一度ついた“ヤラセ”のイメージはなかなか消えない
ただ、『イッテQ』の騒動で顕著だったのは、視聴者のなかには「やらせでも面白ければいい」という意見も少なくなかったことだ。
「バラエティなんだから面白ければいいじゃん」「文春は何がしたいのかわからない」「これでイッテQがなくなったら文春許さない」など、番組を擁護し、ヤラセを徹底的に追及した「週刊文春」を責める声も多かった。
しかし、『発掘あるある大辞典』や『ほこ×たて』など、過去に複数の番組がヤラセや捏造で打ち切りとなった経緯を持つフジテレビは、当時大きく炎上。“ヤラセのテレビ局”というイメージが現在も根強く残っているのか、フジテレビの情報番組が『イッテQ』のヤラセ疑惑を大々的に取り扱うと、「フジテレビが批判する資格はない」といった意見も出ていた。フジテレビは長きにわたり視聴率面で低迷が続いてきたが、ここにも複数のヤラセ騒動が一切影響していないとは言えないだろう。

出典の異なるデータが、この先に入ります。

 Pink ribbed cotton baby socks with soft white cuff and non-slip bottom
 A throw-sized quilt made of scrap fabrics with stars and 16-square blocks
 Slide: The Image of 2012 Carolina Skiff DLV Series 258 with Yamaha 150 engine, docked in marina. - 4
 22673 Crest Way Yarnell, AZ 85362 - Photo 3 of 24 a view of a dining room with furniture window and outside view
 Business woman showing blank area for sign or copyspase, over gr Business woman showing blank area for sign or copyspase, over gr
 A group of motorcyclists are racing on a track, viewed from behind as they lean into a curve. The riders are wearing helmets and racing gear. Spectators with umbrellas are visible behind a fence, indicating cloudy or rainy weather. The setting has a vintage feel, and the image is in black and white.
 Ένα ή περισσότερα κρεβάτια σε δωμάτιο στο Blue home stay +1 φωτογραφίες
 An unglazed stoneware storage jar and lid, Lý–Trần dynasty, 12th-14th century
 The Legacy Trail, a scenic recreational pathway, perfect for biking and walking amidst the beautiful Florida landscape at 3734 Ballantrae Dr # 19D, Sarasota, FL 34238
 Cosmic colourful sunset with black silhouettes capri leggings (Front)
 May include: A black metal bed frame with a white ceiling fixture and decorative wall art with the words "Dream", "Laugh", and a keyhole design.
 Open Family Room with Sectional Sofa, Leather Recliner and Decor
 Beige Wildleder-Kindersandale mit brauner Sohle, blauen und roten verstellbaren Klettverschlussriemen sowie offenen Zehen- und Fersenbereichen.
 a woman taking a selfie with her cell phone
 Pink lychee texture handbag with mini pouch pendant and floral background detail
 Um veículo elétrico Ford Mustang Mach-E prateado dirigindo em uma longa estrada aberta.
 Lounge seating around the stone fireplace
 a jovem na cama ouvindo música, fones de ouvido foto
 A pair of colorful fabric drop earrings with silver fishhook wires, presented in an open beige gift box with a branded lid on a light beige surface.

秋の改編以降、日テレの牙城だった日曜夜枠を、テレビ朝日とTBSが猛追している。『イッテQ』の昨年の年間平均視聴率は19%を超えたが、秋以降は15~16%前後を推移。それでも高いことには変わりないものの、『ポツンと一軒家』(テレビ朝日系)が15%まで追い上げ中で、『消えた天才 ~超一流が勝てなかった人 大追跡~』(TBS系)も二桁にのせている。
『鉄腕DASH』も『イッテQ』も、多くの視聴者に愛されている番組だ。だからこそ誠実な番組づくりで、これまでのファンを離さないよういっそうの研鑽が求められる時期となっているだろう。